Because it primarily addresses his theological writings prior to his election as pope, this reflection refers to Joseph Ratzinger fairly than Pope Benedict XVI. 

The late Cardinal Joachim Meisner, archbishop of Cologne, once described Joseph Ratzinger because the “Mozart of theology.” Others have suggested that Carl Maria von Weber or Anton Bruckner could be a greater comparison Each are emblematic of Austro-German romanticism.

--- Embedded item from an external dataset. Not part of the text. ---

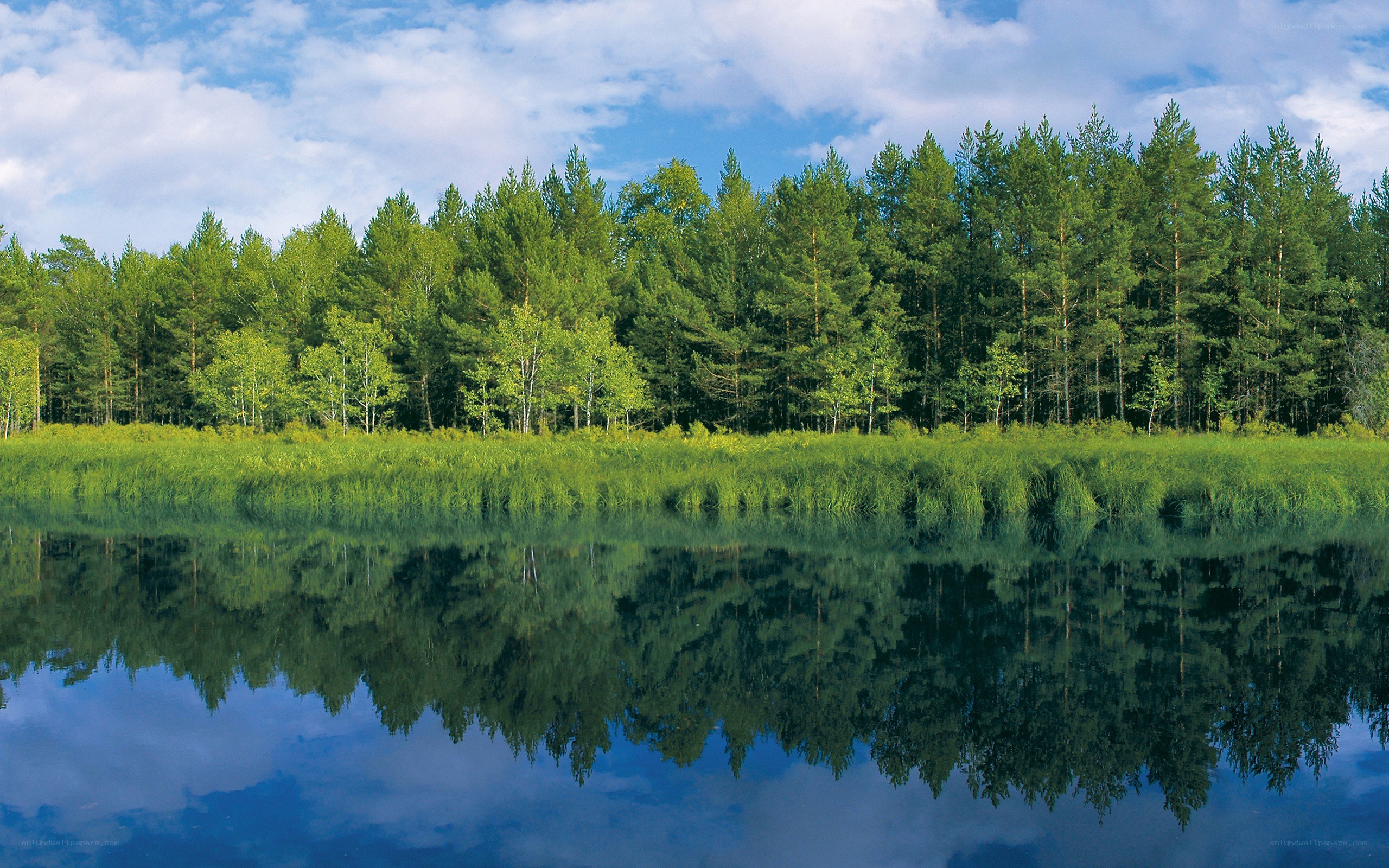 Forest lake reflection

Ratzinger was concerned with the connection between love and truth, affectivity in addition to objectivity, the importance of history for private formation, the historical character of revelation and the role of beauty in evangelization. History, beauty and love and the relation of all three to the formation of the human person are core Romantic movement interests and, within the type of Bruckner, Ratzinger wove together his analyses of those relationships in strongly polyphonic essays using wealthy, harmonic language. He managed to bring to the fore these neglected elements in Catholic thought without jettisoning what had come to be thought to be the classical elements. On this sense Ratzinger was the theological analogue of a musical synthesis of Mozart and von Weber or Bruckner, if such a thing were possible. For many who wanted the romantic element without the classical he was considered a dangerous reactionary, and for individuals who wanted the classical without the romantic he was seen as a dangerous liberal.

Ratzinger was concerned with the connection between love and truth, the historical character of revelation and the role of beauty in evangelization.

Augustinian at Heart

The generations ahead will form their very own judgments based on the volumes of his published works, which include over 60 books and magisterial documents spanning his quarter-century partnership with Pope John Paul II as prefect of the Congregation for the Doctrine of the Faith and his own almost eight-year papacy. They may little question regard him as one in every of the six most vital Catholic theologians of the twentieth century, together with Karl Rahner, S.J., Yves Congar, O.P., the Rev. Romano Guardini, Henri de Lubac, S.J., and the Rev. Hans Urs von Balthasar. The primary two were fellow theological experts on the Second Vatican Council, with whom he had positive collaborations (though he later distanced himself from those points of Rahner’s anthropology that derived from elements in German idealist philosophy, and in contrast to Congar, resigned from the editorial board of the theological journal Concilium because it veered away from official magisterial teaching within the Nineteen Seventies). The latter three were all, in numerous contexts, his mental heroes. De Lubac was also a fellow expert on the council. Ratzinger once wrote that it was unattainable for him to say how much he owed to de Lubac and von Balthasar.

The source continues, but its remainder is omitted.